__Problem__.
Please return, exactly and only, the lines beginning at the top of the entries below and ending with the line containing "Aerial Drone Photo"; keep out the pictures.

(Data supplied)

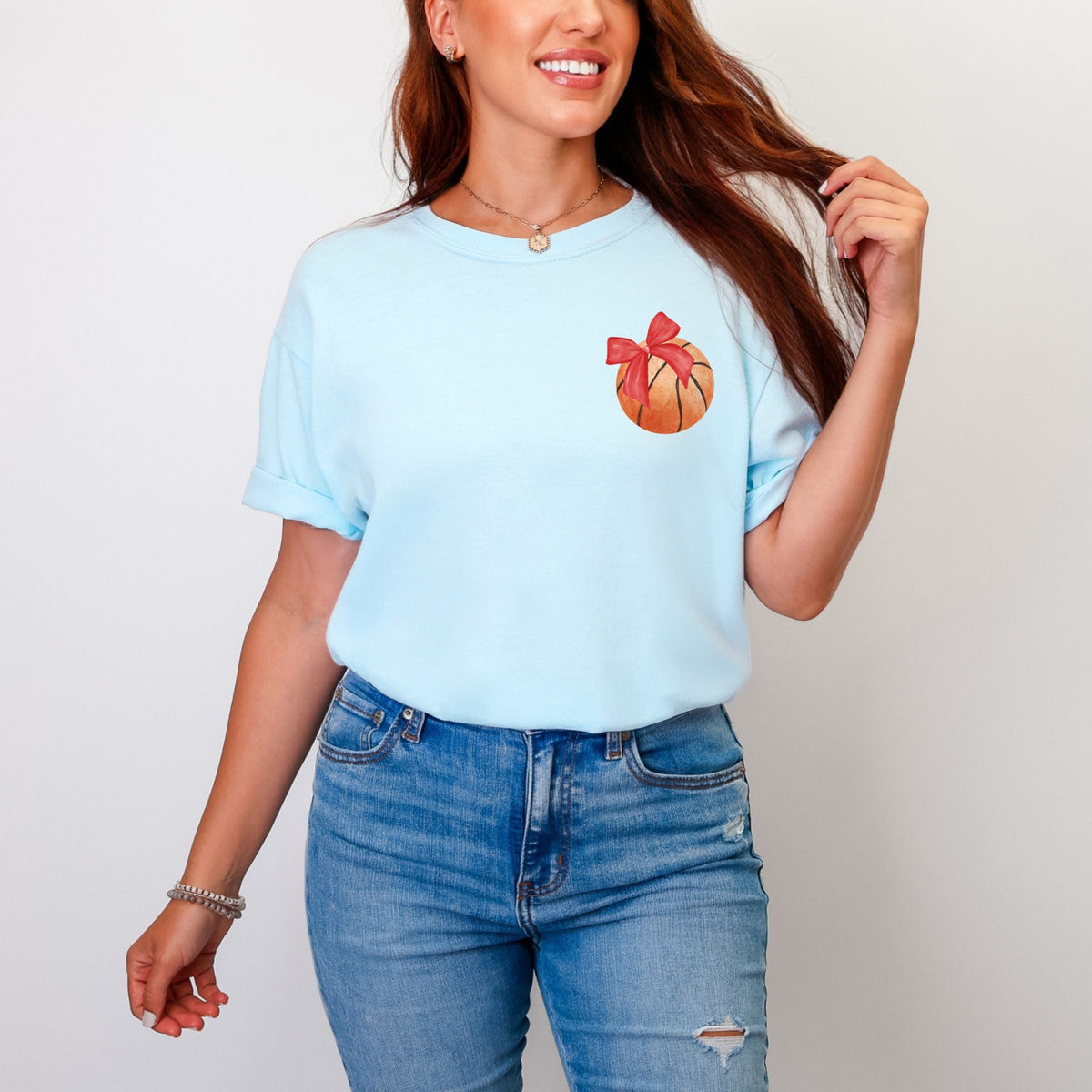 Watercolor Basketball Collage Coquette Front And Back Design - Women's Garment Dyed Graphic T-Shirt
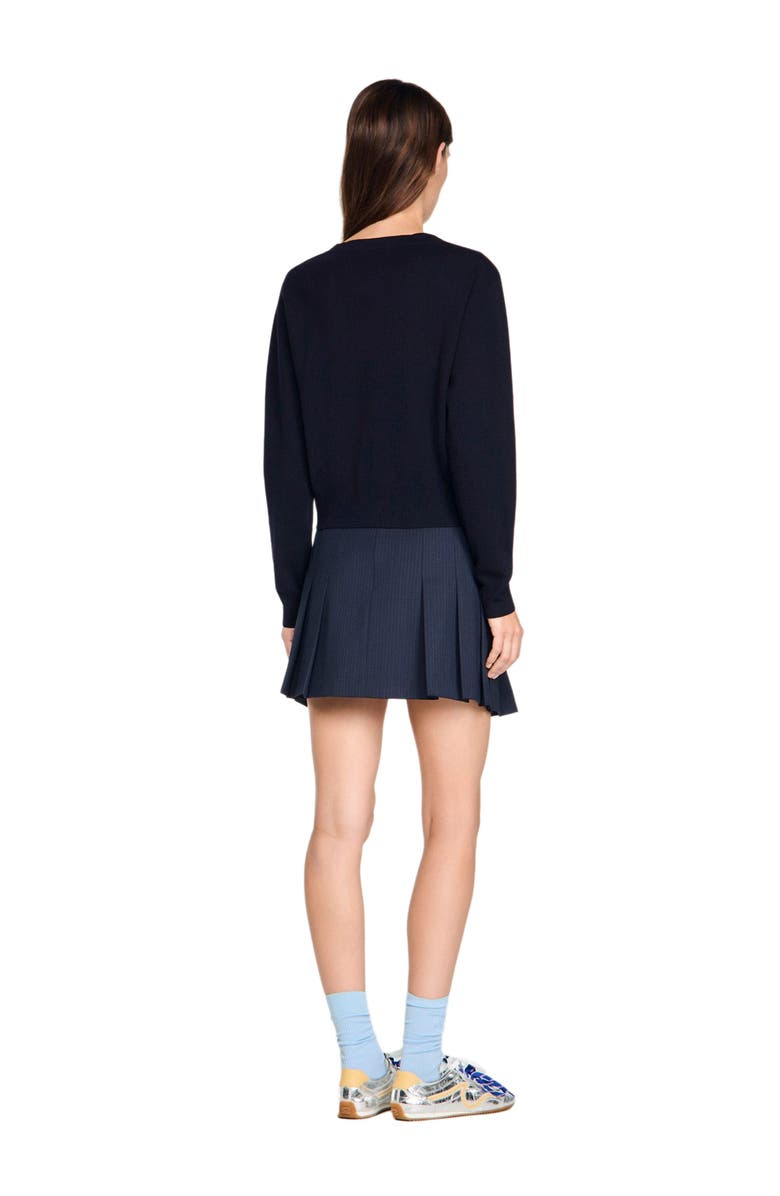 SANDRO V-neck wool sweater, Alternate, color, Navy Blue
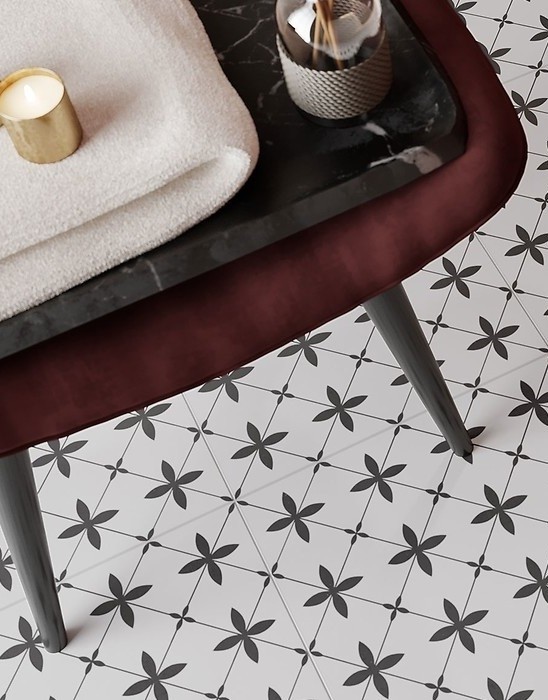 Łazienka z płytkami patchworkowymi, płytki patchwork, aranżacje Opoczno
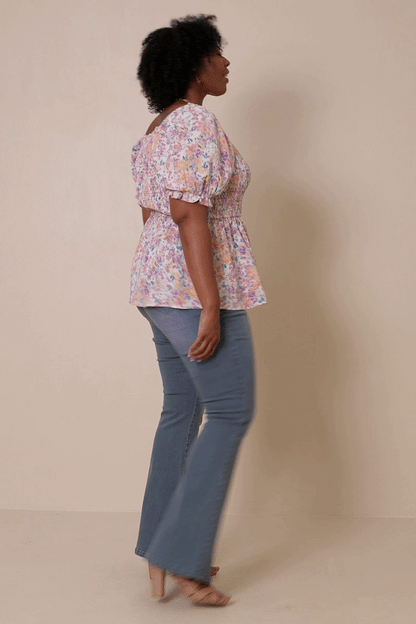 Floral Puff Sleeve Smocked Top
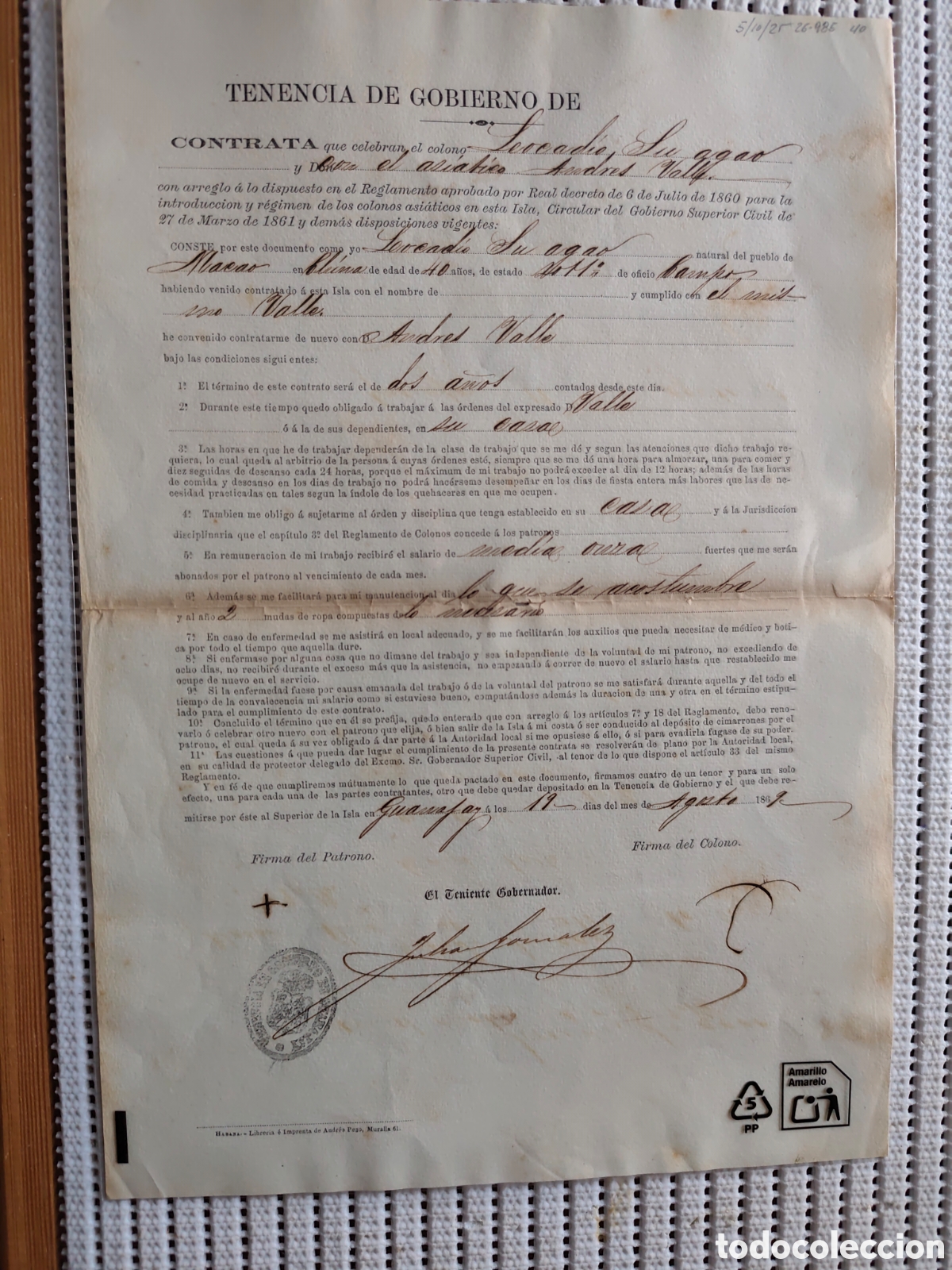 Documentos antiguos: 26-985 CONTRATA DEL COLONO ASI&Aacute;TICO LEOCARDIO SU GGAO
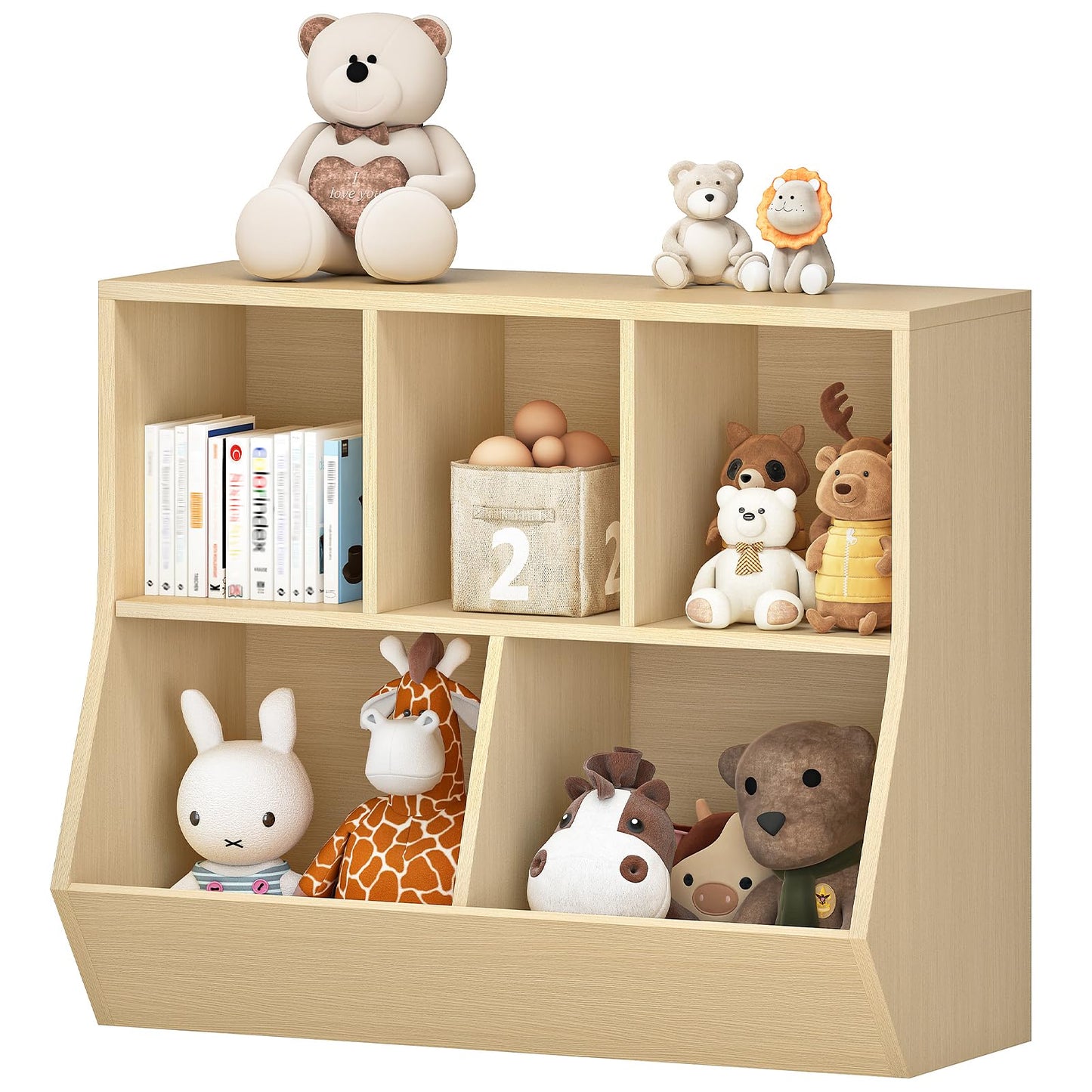 HOOBRO Natural 35.4-inch Long Children's Bookshelf and Storage Cabinet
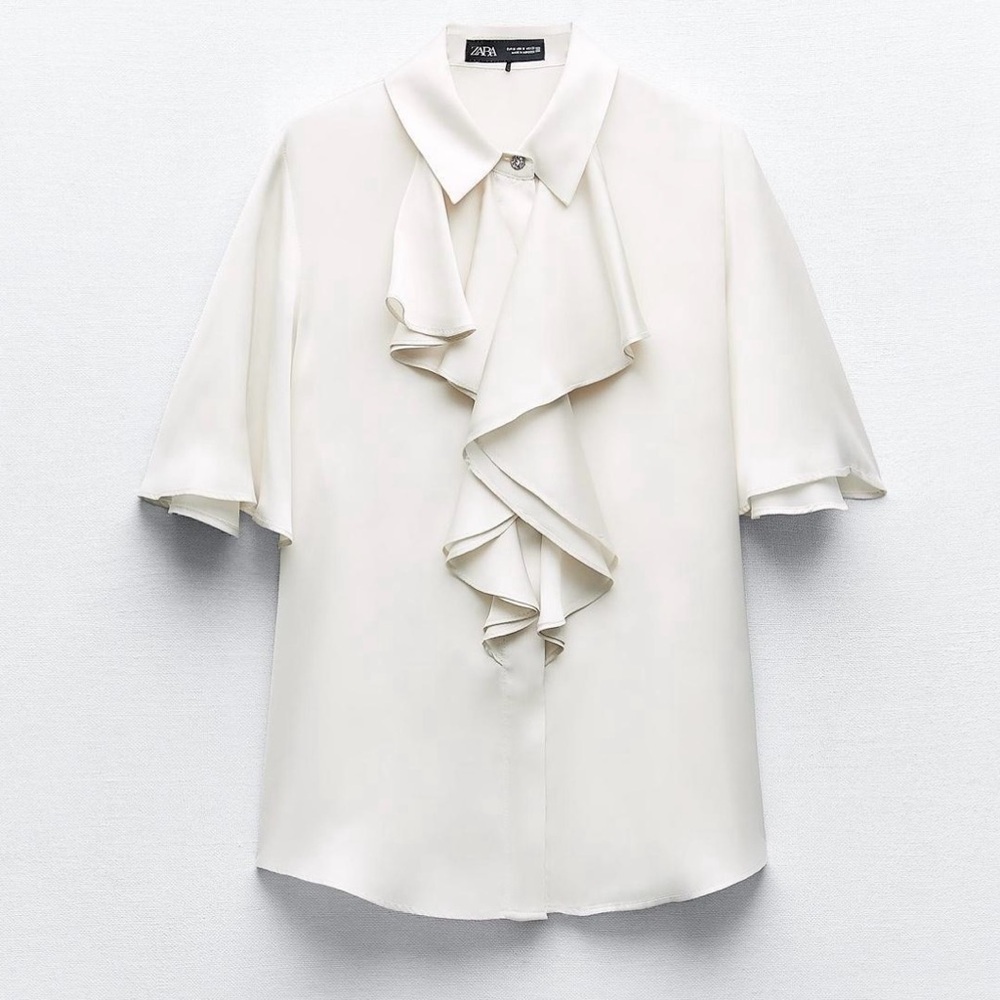 NWOT Zara Women's Elegant White Satin Ruffle Top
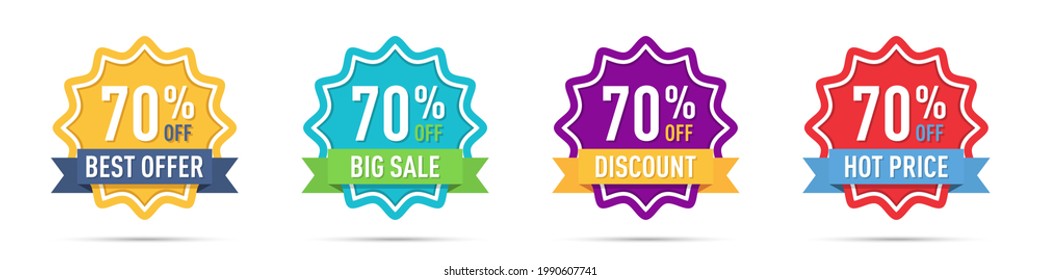 Set of different 70 off percentage promotion badges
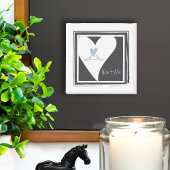 Gepersonaliseerde Tortelduifjes Lichtblauw Hart Magneet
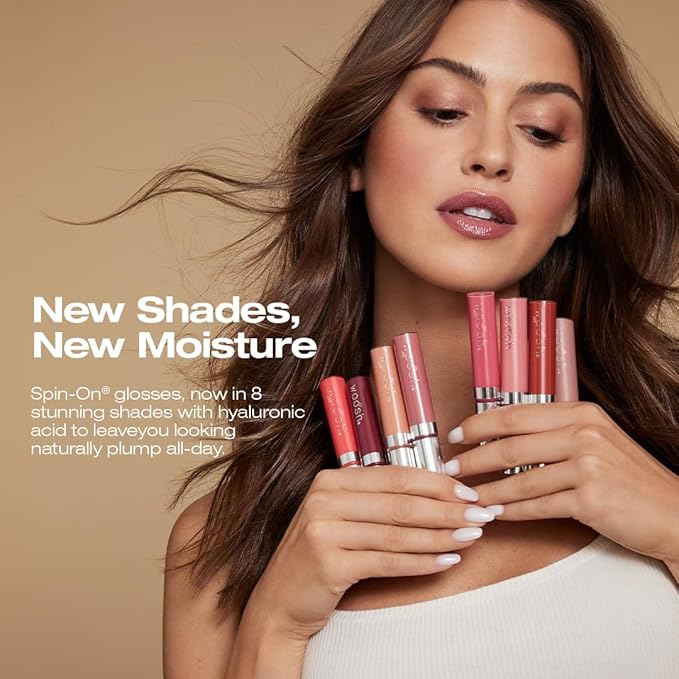 Woosh Beauty, Spin-On Lip Gloss, Hydrating Hyaluronic Acid & Shea Butter, No Fine Lines, Shine Finish, Vegan & Cruelty-Free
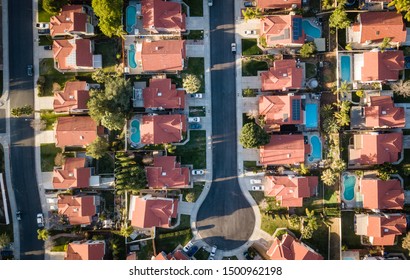 Aerial Drone Photo Of A Small Southern California Track Home Neighborhood 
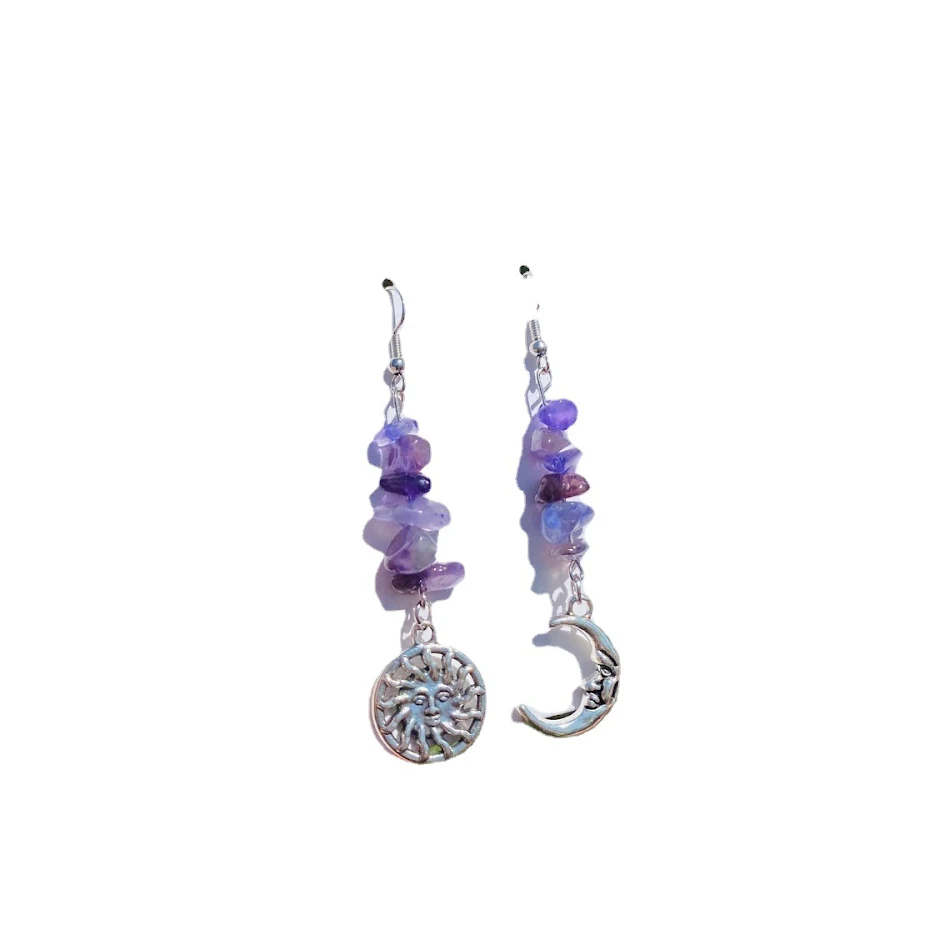 Hippie sieraden zonne- en maan oorbellen met kristal. Ervaar kosmische vibes, boho stijl en mystieke glans. Perfect voor jou.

(End Data supplied)

__Answer space__.
 Watercolor Basketball Collage Coquette Front And Back Design - Women's Garment Dyed Graphic T-Shirt
 SANDRO V-neck wool sweater, Alternate, color, Navy Blue
 Łazienka z płytkami patchworkowymi, płytki patchwork, aranżacje Opoczno
 Floral Puff Sleeve Smocked Top
 Documentos antiguos: 26-985 CONTRATA DEL COLONO ASI&Aacute;TICO LEOCARDIO SU GGAO
 HOOBRO Natural 35.4-inch Long Children's Bookshelf and Storage Cabinet
 NWOT Zara Women's Elegant White Satin Ruffle Top
 Set of different 70 off percentage promotion badges
 Gepersonaliseerde Tortelduifjes Lichtblauw Hart Magneet
 Woosh Beauty, Spin-On Lip Gloss, Hydrating Hyaluronic Acid & Shea Butter, No Fine Lines, Shine Finish, Vegan & Cruelty-Free
 Aerial Drone Photo Of A Small Southern California Track Home Neighborhood 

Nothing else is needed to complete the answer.